Materials provided ▸
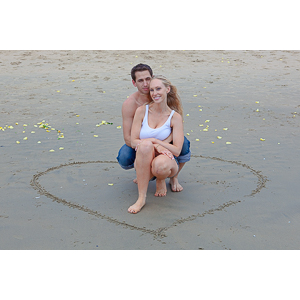 Erica hired me to come down to Manhattan Beach to photograph her and 4 friends on the beach.  We got some fun pictures.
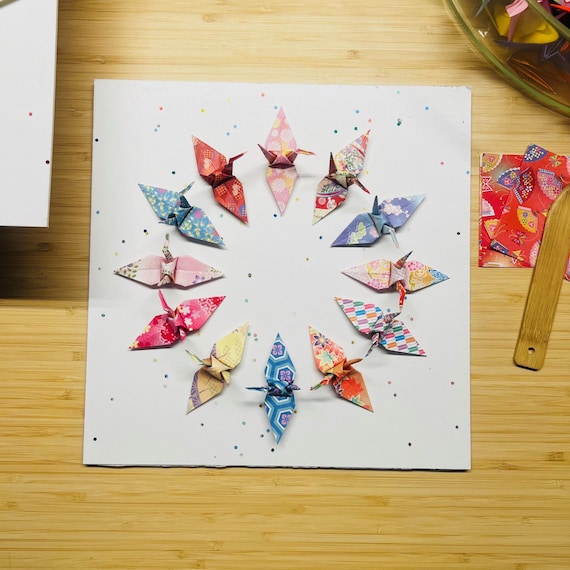 額入り折り鶴（円形） – 手作り和紙アート - Etsy 日本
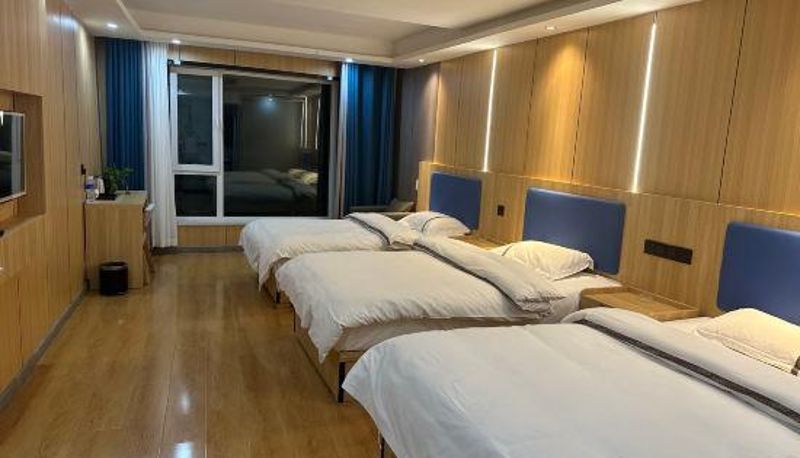 Camera - Junyi Hotel Chain (Golmud Railway Station 109 National Highway Branch)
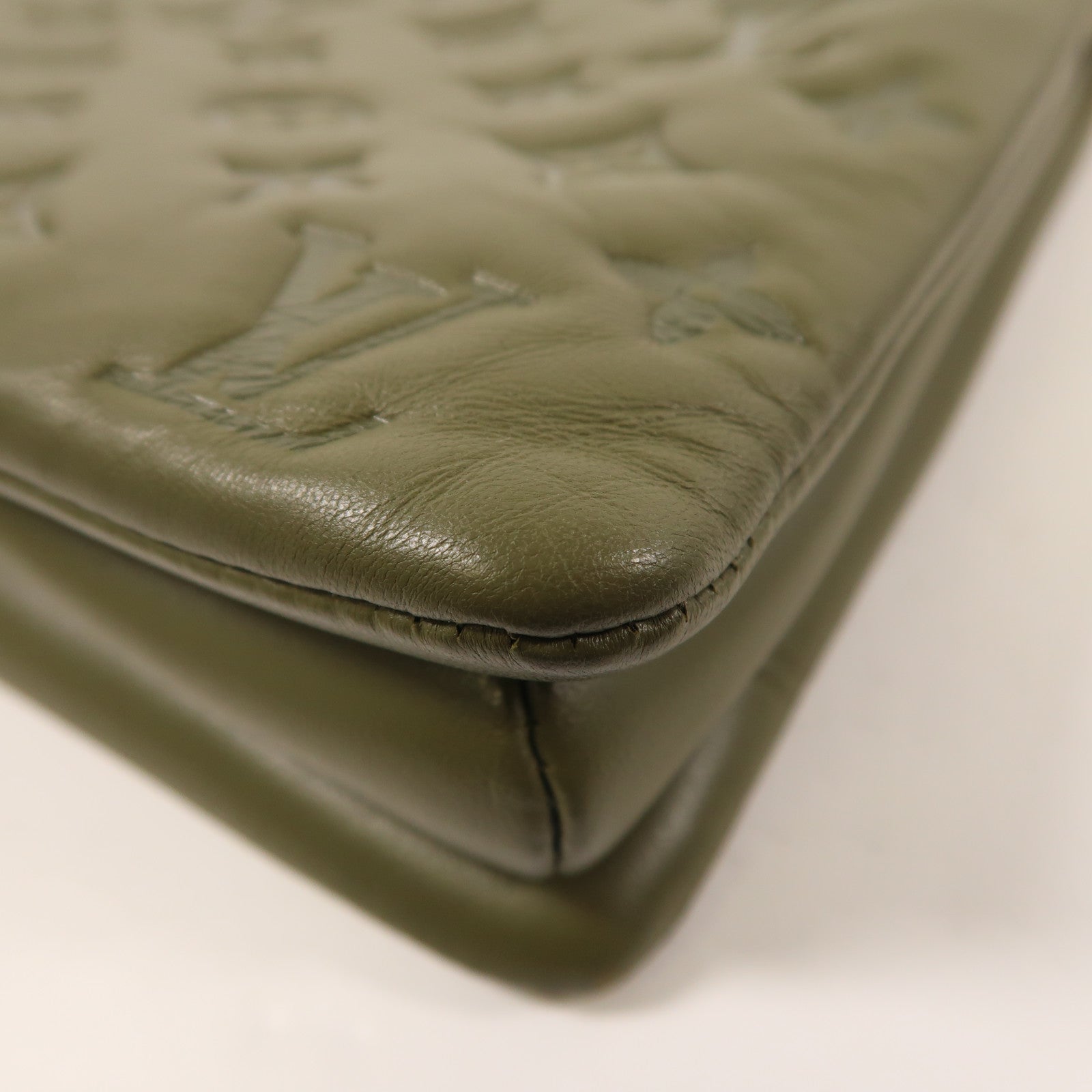 LOUIS VUITTON Monogram Embossed Coussin MM金扣肩背袋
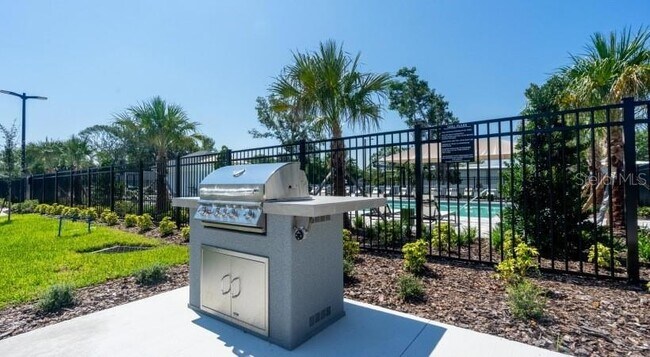 Building Photo - 18772 Grand Live Oak Blvd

Directions ▸ The response must restate each line of the material above exactly and contain no images.

Result for this task ▸
 Erica hired me to come down to Manhattan Beach to photograph her and 4 friends on the beach.  We got some fun pictures.
 額入り折り鶴（円形） – 手作り和紙アート - Etsy 日本
 Camera - Junyi Hotel Chain (Golmud Railway Station 109 National Highway Branch)
 LOUIS VUITTON Monogram Embossed Coussin MM金扣肩背袋
 Building Photo - 18772 Grand Live Oak Blvd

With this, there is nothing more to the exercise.